When we used the read API in step 2, Apache Spark did not execute any jobs. This is because Apache Spark uses a lazy evaluation technique to delay the execution of transformations until an action is called. This allows Spark to optimize the execution plan and recover from failures. However, it can also lead to some challenges in debugging and troubleshooting. To work effectively with lazy evaluation, it’s important to understand the distinction between transformations and actions and to consider the order and timing of transformations and actions in your code.

There’s more…

Here are some additional details to help you become more knowledgeable about reading CSV data with Apache Spark:

Specifying options when reading CSV files: In addition to specifying the header option, you can also specify other options when reading CSV files with Spark.
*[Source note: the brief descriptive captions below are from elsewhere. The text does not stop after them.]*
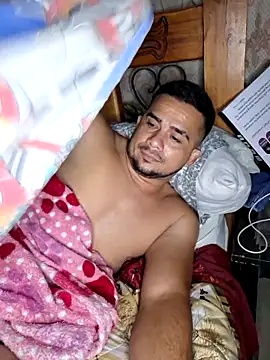 Snapshot of yeffito1 chatting on September 2025 04:03:01 AM yeffito1 online show from September 2025 04:03:01 AM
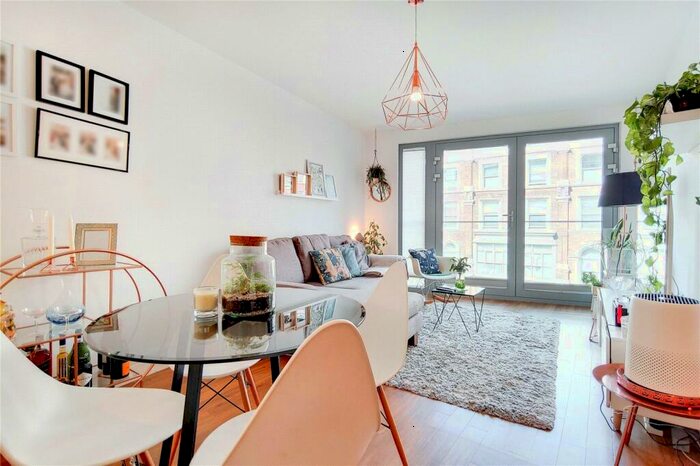 2 Bedroom Apartment To Rent In Kingsland High Street, London, E8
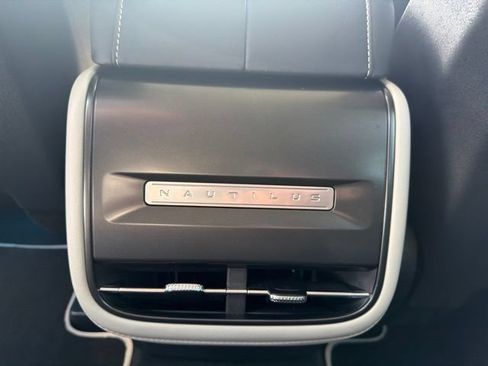 Used 2025 Lincoln Nautilus Premier AWD/4WD image 24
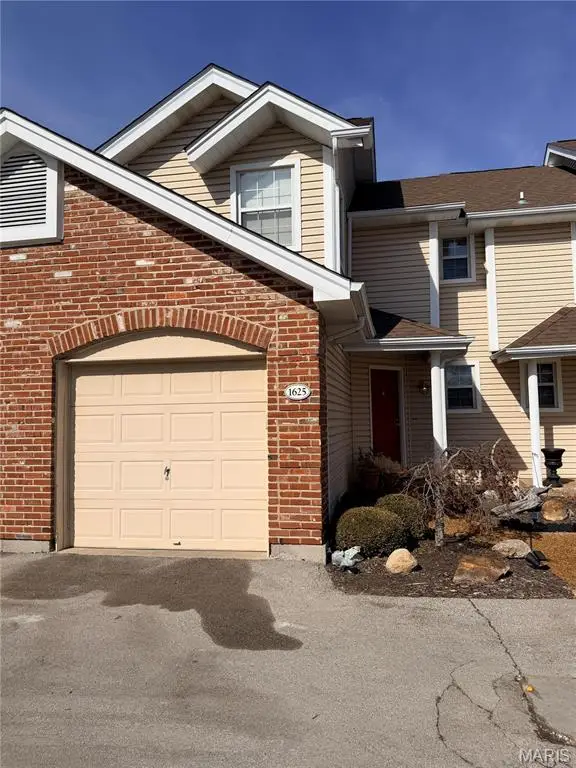 1625 Mount Vernon Drive #4, St Charles, MO 63303
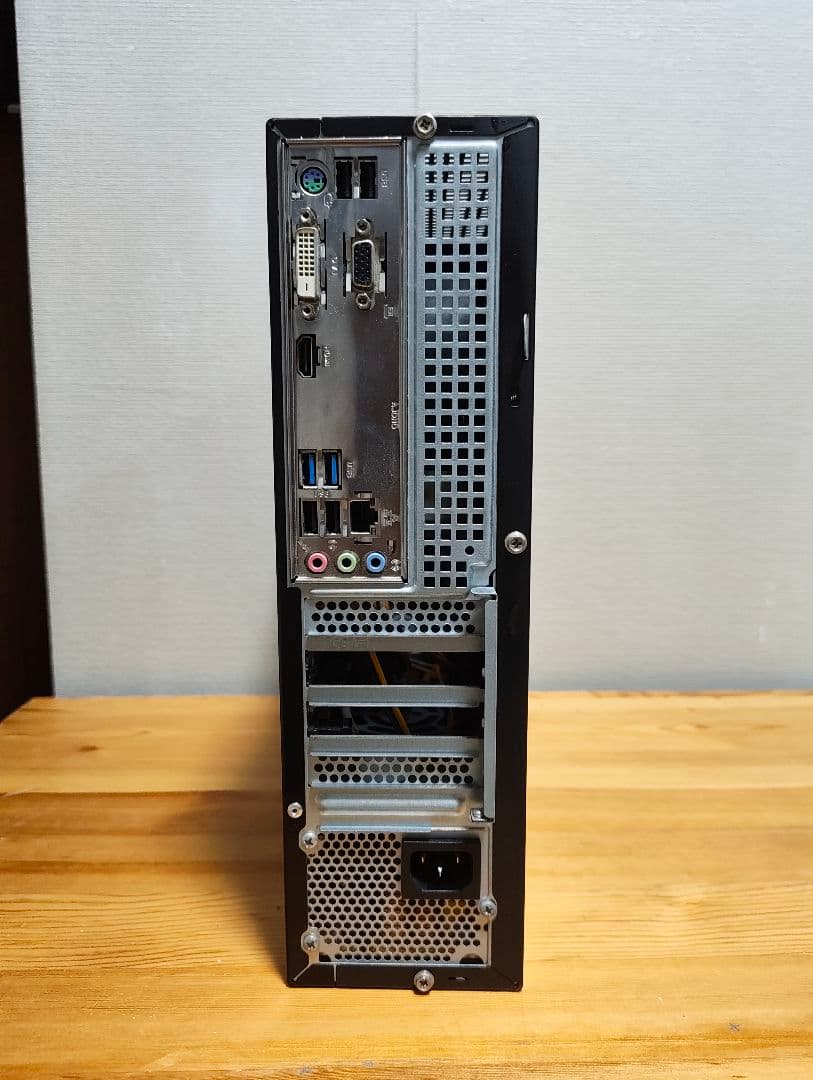 スリムタワー自作pc Win11 8世代i3 8gb SSD256GB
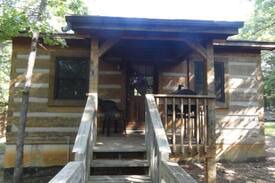 Pittsburg Cabin | Wolf Cub Cabin with Private Hot Tub!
For example, you can use the delimiter option to specify the delimiter used in the CSV file (for example, option("delimiter", "|") for a pipe-delimited file) or the inferSchema option to automatically infer the data types of the columns in the DataFrame (for example, option ("inferSchema", "true")).
Handling missing or malformed data: When reading CSV files with Spark, you may encounter missing or malformed data that can cause errors. To handle missing data, you can use the nullValue option to specify the value used to represent null values in the CSV file (for example, option("nullValue", "NA") for a file where "NA" represents null values). To handle malformed data, you can use the mode option to specify how to handle parsing errors (for example, option("mode", "PERMISSIVE") to ignore parsing errors and continue processing the file).
Working with large CSV files: When working with large CSV files, you may run into memory and performance issues if you try to load the entire file into a DataFrame at once. To avoid this, you can use the spark.read.csv() method with the maxColumns and maxCharsPerColumn options to limit the number of columns and characters per column that Spark reads at a time. You can also use the spark.readStream.csv() method to read large CSV files as a stream, which allows you to process the data in real time as it is read from disk.